It’s 35 years since I first saw this rarely revived Hugh Whitemore play about the poet Stevie Smith and I recall being rather captivated by it, perhaps as much by the performance of Bristol Old Vic regular June Barrie as much as anything else. Unlike most recent revivals, I’m afraid this hasn’t stood the test of time, though again I was captivated by Zoe Wanamaker in the title role.

Today, it seems odd to write a major play about a minor poet; perhaps that’s the crux of it – the play has faded as the poets legacy has? What seemed a beautifully written biographical piece now seems a bit ordinary. It’s largely a monologue, Stevie telling us her life story interspersed with her poems and interrupted occasionally by her beloved aunt and some of the men in her life. The later life in the second half is more interesting than the early life in the first, perhaps because the actual life was too. However, I was left thinking why would you write a play about her?

What is not in question is Zoe Wanamaker’s performance as Stevie, transformed by frumpy frocks and schoolgirl hair. She often seems to be talking to you personally as she scans the audience, making eye contact and drawing you in to her story. There’s excellent support from Lynda Baron as the aunt who shares her life and Chris Larkin as all of the men who are ‘extras’ in her life story, and at times as narrator. Simon Higlett’s huge period Palmers Green living room is finely detailed, becoming expressionistic as the top left seems to morph into the trees outside, but it seemed like a lot of trouble and expense to go to for a pay that is so static, hardly using such a superb creation.

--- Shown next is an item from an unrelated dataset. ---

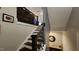 Elegant staircase featuring dark wood steps and a black iron railing, complemented by neutral-toned walls at 1643 Wimberly Rd, Apex, NC 27523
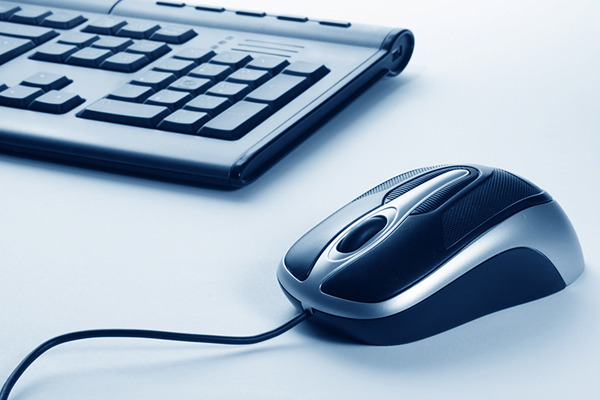 a laptop with a magnifying glass on its keyboard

I’d like to see more Whitmore revivals (Breaking the Code anyone? More timely!) but on this form I wonder if his style has indeed had its day. The school-kids in the front row of an extended arc configuration seemed to be totally unengaged (which must have been as distracting for Zoe Wanamaker as it was for me). Worth seeing for the fine performance, though and for once a play that is as conservative as the Hampstead Theatre audience!